If the AI DSS is much more powerful and less interpretable than the one I used, and if real crisis situations are much more complex. In the real world, AI DSSs might analyze thousands of indicators in real-time. In my experiment, there were only 25 indicators, which the humans had full access to.
If the human operators have months or years of repeated positive experiences with the AI DSS (as opposed to just four interactions in my experiment). This could slowly cement their trust and deference toward it, to the point where an AI DSS failure does not seem possible or believable.
Limitations
I first discuss limitations of the study, and then I give reasons to think that the true degree of automation bias may be higher or lower than what I found.

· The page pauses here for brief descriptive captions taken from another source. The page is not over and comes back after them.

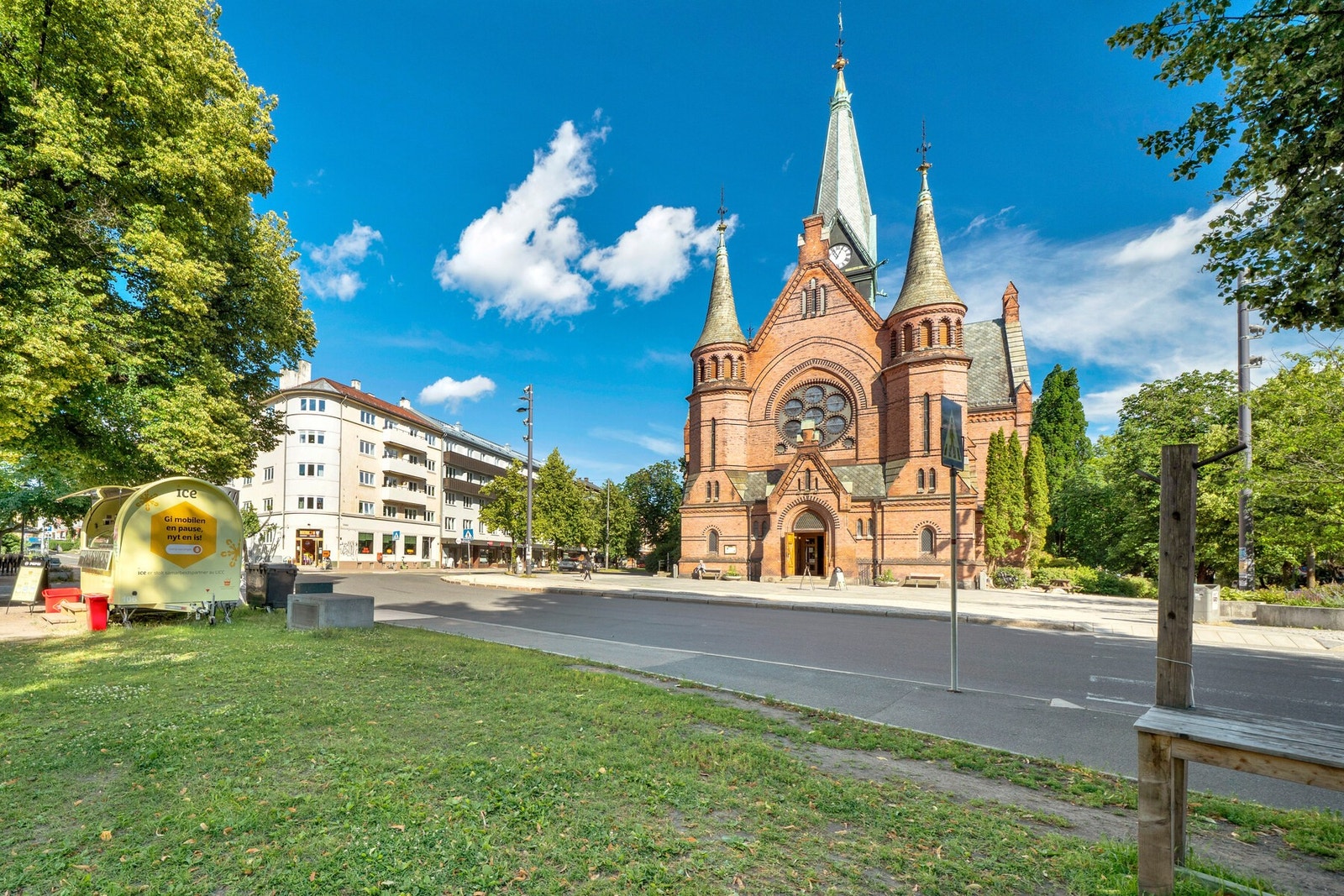 Sagene kirke og samfunnshus med diverse kursaktivitet ligger i kort gåavstand fra boligen. Galleribilde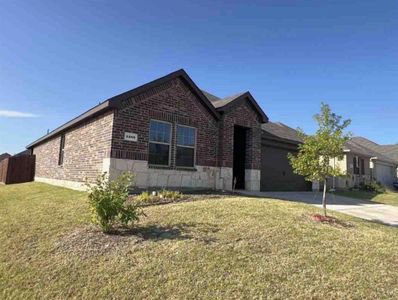 New construction Single-Family house 1209 Canterbury Lane, Ennis, TX 75119 - photo 0 0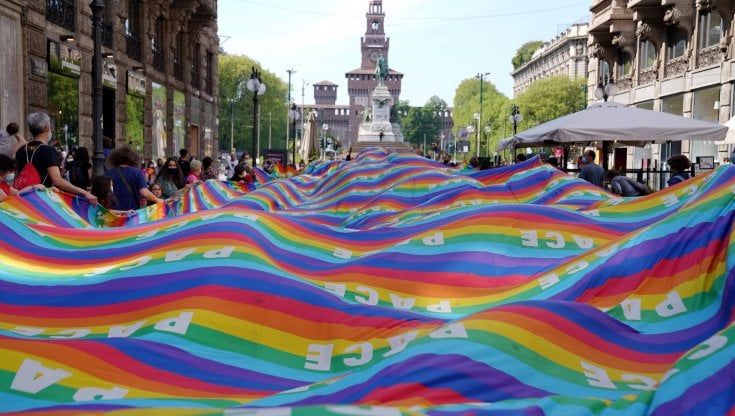 25 Aprile a Milano, sul palco il presidente Anpi Pagliarulo. Sala: "Chiarisca il suo pensiero sull'Ucraina". Rafforzato il servizio d'ordine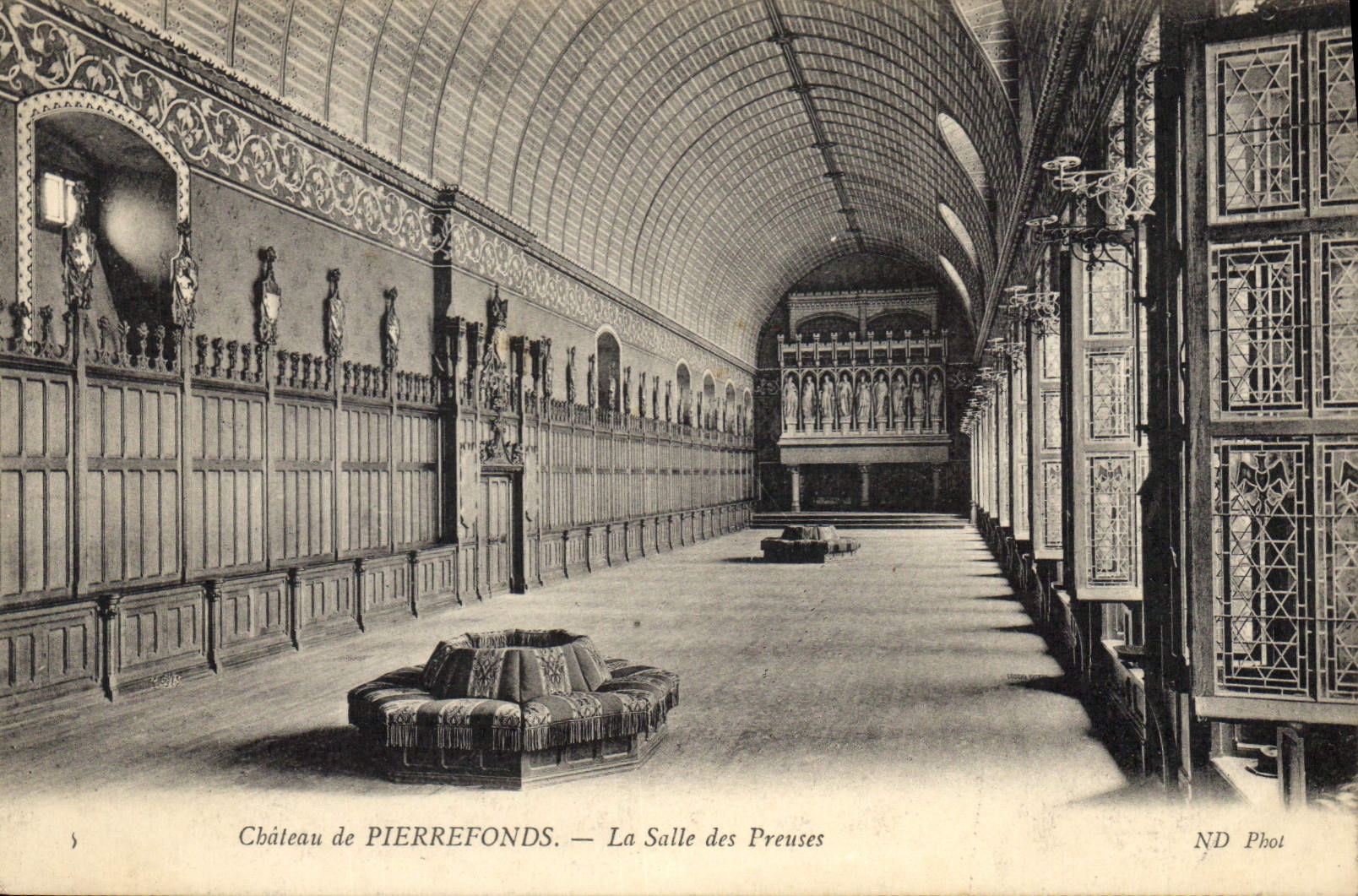 Château de PIERREFONDS — La Salle des Preuses — ND Phot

Main limitations of Experiment 1 (with human subjects):
Ecological validity. The experience of taking a survey experiment is very different from actually being in NORAD analyzing risk or being the president making launch decisions. So it is very likely that humans’ behavior would differ significantly from what I documented.
Sample representativeness. 68% of (human) participants reported having no significant relevant expertise (which was self-reported).[12] Other aspects of the sample (e.g., age, gender balance) also probably do not make it representative of the target population.[13]
Limited scenarios. The simulation included only five hypothetical nuclear crisis scenarios. Of those, only one is used as the “test scenario.” These may not be representative of the theoretical population of nuclear crisis scenarios.
Internal validity. The study includes a no-AI control group, but does not include a human-aided control group (for a variety of reasons). It is possible that participants would be equally swayed by a credibly human-generated risk assessment of the situation. In that case, “automation bias” may not be what is at play here.
Added limitations of Experiment 2 (with LLMs):
Few LLMs tested. In the second experiment, only GPT-3.5 and GPT-4 were tested. Ideally (with more time and funds), I would have included other LLMs.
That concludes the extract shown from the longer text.